Like Flemish Energy Minister Zuhal Demir and French President Emmanuel Macron, Alexander De Croo is in favour of a “pause” in European climate legislation, the Belgian Prime Minister said on VRT’s Terzake programme on Tuesday evening.
“At some point, you have to make a choice. Is this the right time to do everything at once?” he asked.
For De Croo, legislation should not be “overloaded” by tightening standards for nitrogen, nature restoration and biodiversity, in addition to targets for CO2 emissions.
That would have two negative consequences, he said: firstly, industry would not be able to keep up, and the CO2 reduction targets would not be met, and secondly, the current climate momentum would be lost.
“That’s why I’m asking to press ‘pause’. Let’s not go too far with things that, strictly speaking, have nothing to do with global warming,” the Prime Minister recommended. “These other issues are just as important, but they need to be phased in more.”
The first reactions to the Prime’s Minister’s remarks were not long in coming.
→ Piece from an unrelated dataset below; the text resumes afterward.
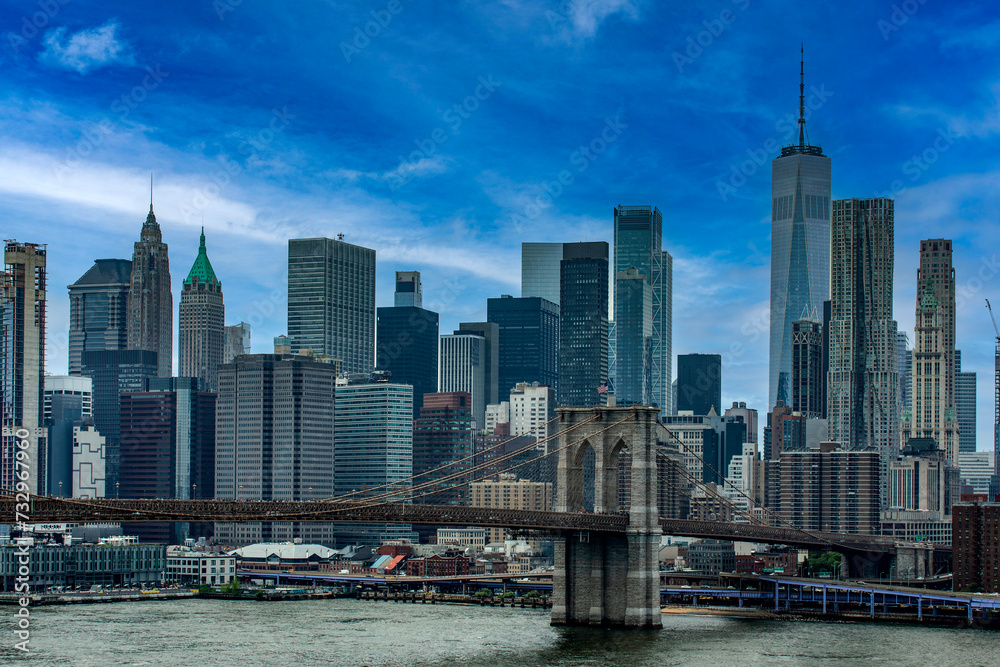 Obraz premium Brooklyn Bridge with the blue sky linking the boroughs of Manhattan and Brooklyn in New York (USA) this bridge is one of the most famous and well known in the Big Apple.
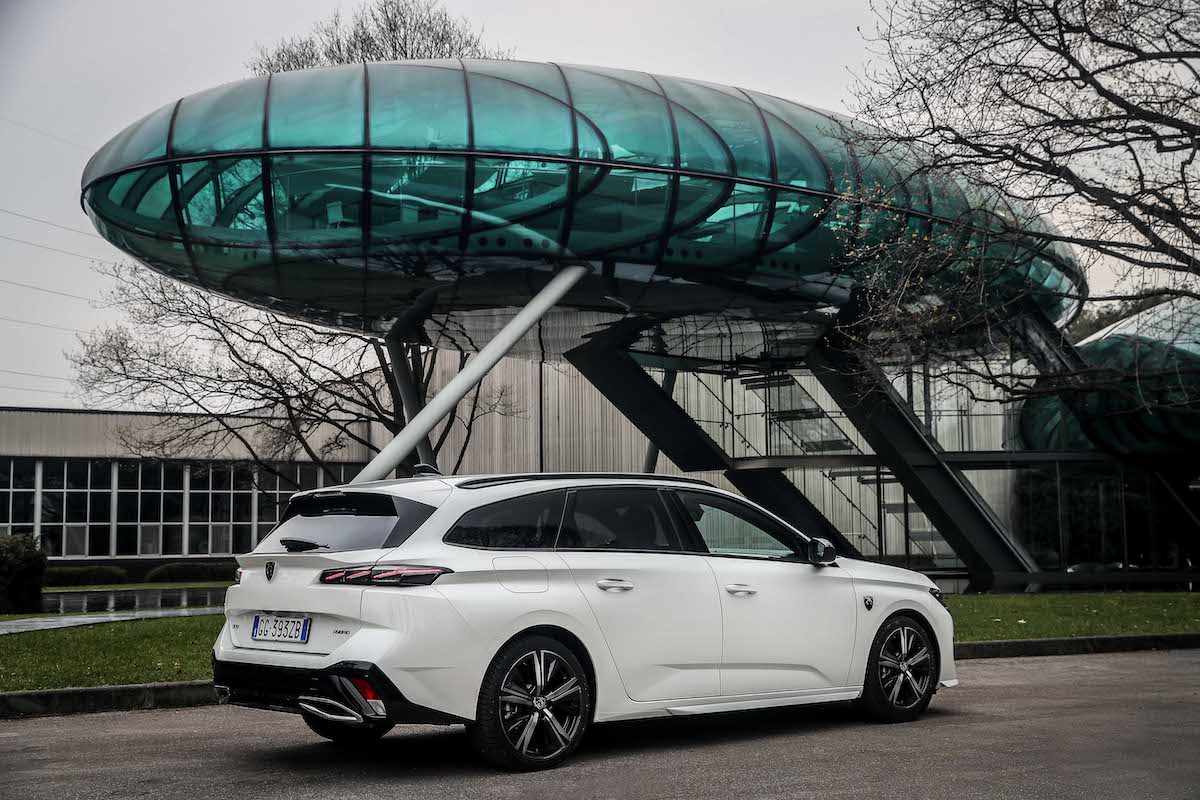 Debutta sul mercato italiano la Nuova PEUGEOT 308 SW Debutta sul mercato italiano la Nuova PEUGEOT 308 SW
Zuhal Demir said she was “surprised.” “The federal government’s shift is a good thing, but it’s not enough,” the Flemish energy minister said.
Coalition-partner Groen deemed De Croo’s statements “scandalous” and said they were “not covered by the government.”
“European agreements are not paper rags,” Groen co-chairs Jeremie Vaneeckhout and Nadia Naji commented. “Nature and climate are inseparable. It is not a pause that we need, but an acceleration.”